As investigators in Egypt begin the hunt for Hosni Mubarak's fortune, the former president's involvement in an early 1980s arms scandal could provide clues to how he and his family amassed their estimated billions through decades of alleged kickback schemes and corrupt business dealings.
The scandal revolved around a federal probe into allegations that a firm transporting American arms to Egypt had embezzled millions of dollars under an exclusive Pentagon contract established following the historic Camp David peace agreement with Israel in 1978.
"There were many, many weapons, and billions of dollars in armaments that needed to be shipped. It was an enormous job," says Ibrahim Oweiss, a Georgetown University professor and an economist who headed Egypt's economic mission to the U.S. at the time.
Within three years of founding a company known as the Egyptian American Transport and Service, or EATSCO, an Egyptian businessman named Hussein Salem and his American partner were under federal investigation on charges they ripped off the U.S. government by padding the shipping costs for the arms by $8 million.
"Hussein was the façade for the Mubarak family," said Oweiss, who met Salem around that time and knew of his ties to the Egyptian intelligence community and Mubarak's brother-in-law, then a top Egyptian military procurement official.
Salem pleaded guilty to the charges, and agreed to reimburse $3 million to the U.S. government and pay a $40,000 fine, according to news reports.

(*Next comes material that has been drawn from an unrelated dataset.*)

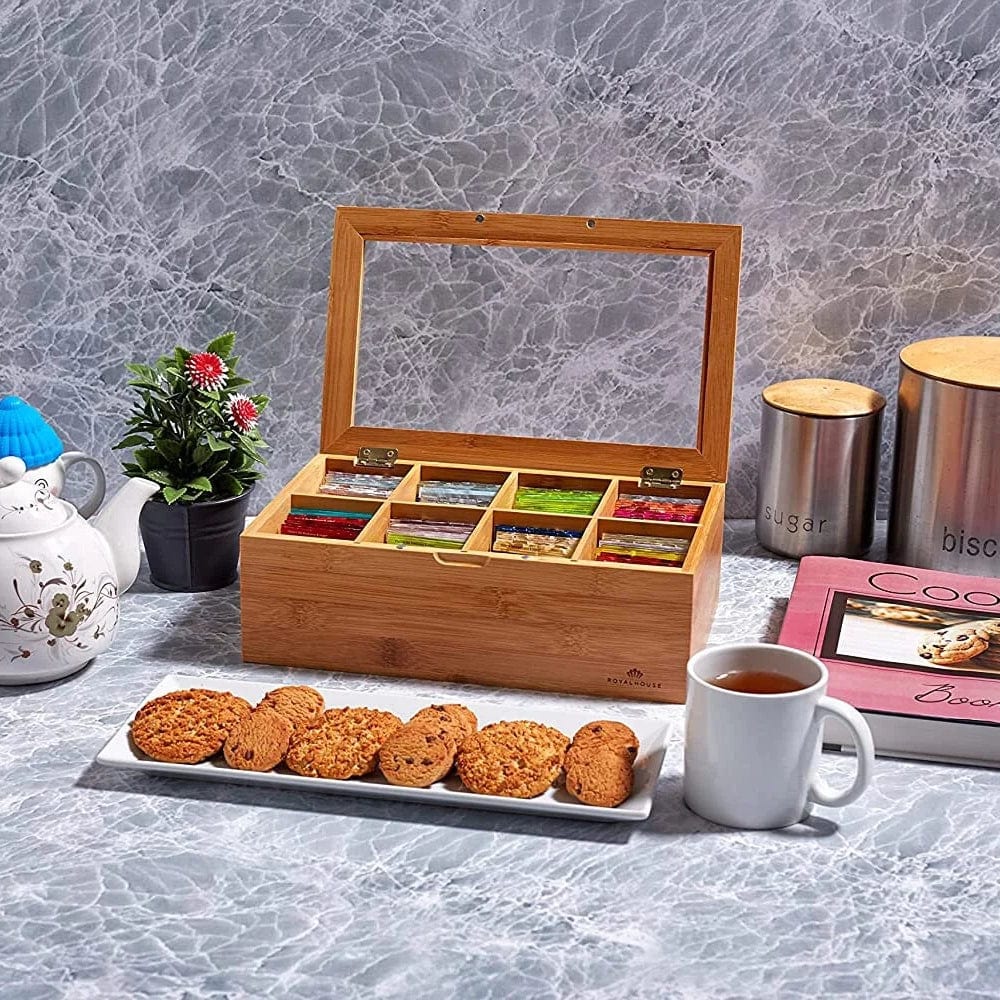 Personalized Adjustable Premium 8 Slot Bamboo Tea Box (Sugar, Jewelry, Storage, Organizer etc.) - Image 9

He went on to become one of Mubarak's closest confidantes and a successful businessman with interests in Egypt's natural gas industry as well as hotel and resort holdings, including the Sharm-el-Sheikh resort where Mubarak now lives full time.
The EATSCO scandal, which also ensnared former CIA operatives and high-ranking Pentagon officials, caused a stir in diplomatic quarters and threatened to damage the newly formed strategic relationship between the U.S. and Egypt after it was revealed that a rogue former CIA operative who had been accused of selling arms to Egypt's arch-enemy Libya was involved in the firm's dealings.
Edwin P. Wilson, the accused former CIA officer, claimed to have put up the initial $500,000 investment in EATSCO but says he was later double-crossed by another former CIA operative who elbowed him out of the EATSCO partnership.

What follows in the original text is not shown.